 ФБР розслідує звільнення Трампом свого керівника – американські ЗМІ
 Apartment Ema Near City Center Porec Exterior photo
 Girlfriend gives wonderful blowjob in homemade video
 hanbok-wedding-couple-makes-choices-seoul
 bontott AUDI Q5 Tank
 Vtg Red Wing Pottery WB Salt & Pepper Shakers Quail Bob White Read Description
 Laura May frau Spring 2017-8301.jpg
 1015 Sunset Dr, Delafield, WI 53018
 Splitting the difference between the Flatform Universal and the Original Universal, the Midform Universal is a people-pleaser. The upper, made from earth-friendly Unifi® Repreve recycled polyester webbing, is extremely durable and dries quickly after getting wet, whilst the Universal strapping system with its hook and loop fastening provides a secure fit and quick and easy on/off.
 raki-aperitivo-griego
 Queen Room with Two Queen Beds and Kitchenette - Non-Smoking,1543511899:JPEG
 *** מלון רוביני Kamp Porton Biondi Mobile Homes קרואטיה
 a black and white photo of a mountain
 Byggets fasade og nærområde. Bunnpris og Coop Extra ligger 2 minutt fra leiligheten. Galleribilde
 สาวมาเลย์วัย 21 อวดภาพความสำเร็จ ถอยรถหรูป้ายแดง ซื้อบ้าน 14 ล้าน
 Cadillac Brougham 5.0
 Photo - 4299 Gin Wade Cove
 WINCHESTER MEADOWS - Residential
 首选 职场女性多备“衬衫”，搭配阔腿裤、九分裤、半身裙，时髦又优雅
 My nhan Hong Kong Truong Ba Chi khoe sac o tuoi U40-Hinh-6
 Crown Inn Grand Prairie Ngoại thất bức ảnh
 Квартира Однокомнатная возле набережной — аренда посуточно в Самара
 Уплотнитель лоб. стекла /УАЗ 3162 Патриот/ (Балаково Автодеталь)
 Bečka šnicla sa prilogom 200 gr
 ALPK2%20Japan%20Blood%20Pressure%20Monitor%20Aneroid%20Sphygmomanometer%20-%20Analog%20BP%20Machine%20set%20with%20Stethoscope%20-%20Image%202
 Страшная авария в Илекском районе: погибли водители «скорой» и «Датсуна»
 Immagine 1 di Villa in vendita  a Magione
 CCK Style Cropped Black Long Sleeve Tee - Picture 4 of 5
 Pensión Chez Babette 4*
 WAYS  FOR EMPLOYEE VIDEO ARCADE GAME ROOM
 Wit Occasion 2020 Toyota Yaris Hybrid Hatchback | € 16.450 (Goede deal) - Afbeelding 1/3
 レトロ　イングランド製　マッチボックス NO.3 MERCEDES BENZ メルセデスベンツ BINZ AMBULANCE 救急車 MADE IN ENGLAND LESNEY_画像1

****************

PROBLEM DETAILS:
When you reach the line containing "Photo - 4299 Gin Wade Cove" in the data above, retype it and each line after it through the final one, exactly as written.

RESPONSE BELOW:
 Photo - 4299 Gin Wade Cove
 WINCHESTER MEADOWS - Residential
 首选 职场女性多备“衬衫”，搭配阔腿裤、九分裤、半身裙，时髦又优雅
 My nhan Hong Kong Truong Ba Chi khoe sac o tuoi U40-Hinh-6
 Crown Inn Grand Prairie Ngoại thất bức ảnh
 Квартира Однокомнатная возле набережной — аренда посуточно в Самара
 Уплотнитель лоб. стекла /УАЗ 3162 Патриот/ (Балаково Автодеталь)
 Bečka šnicla sa prilogom 200 gr
 ALPK2%20Japan%20Blood%20Pressure%20Monitor%20Aneroid%20Sphygmomanometer%20-%20Analog%20BP%20Machine%20set%20with%20Stethoscope%20-%20Image%202
 Страшная авария в Илекском районе: погибли водители «скорой» и «Датсуна»
 Immagine 1 di Villa in vendita  a Magione
 CCK Style Cropped Black Long Sleeve Tee - Picture 4 of 5
 Pensión Chez Babette 4*
 WAYS  FOR EMPLOYEE VIDEO ARCADE GAME ROOM
 Wit Occasion 2020 Toyota Yaris Hybrid Hatchback | € 16.450 (Goede deal) - Afbeelding 1/3
 レトロ　イングランド製　マッチボックス NO.3 MERCEDES BENZ メルセデスベンツ BINZ AMBULANCE 救急車 MADE IN ENGLAND LESNEY_画像1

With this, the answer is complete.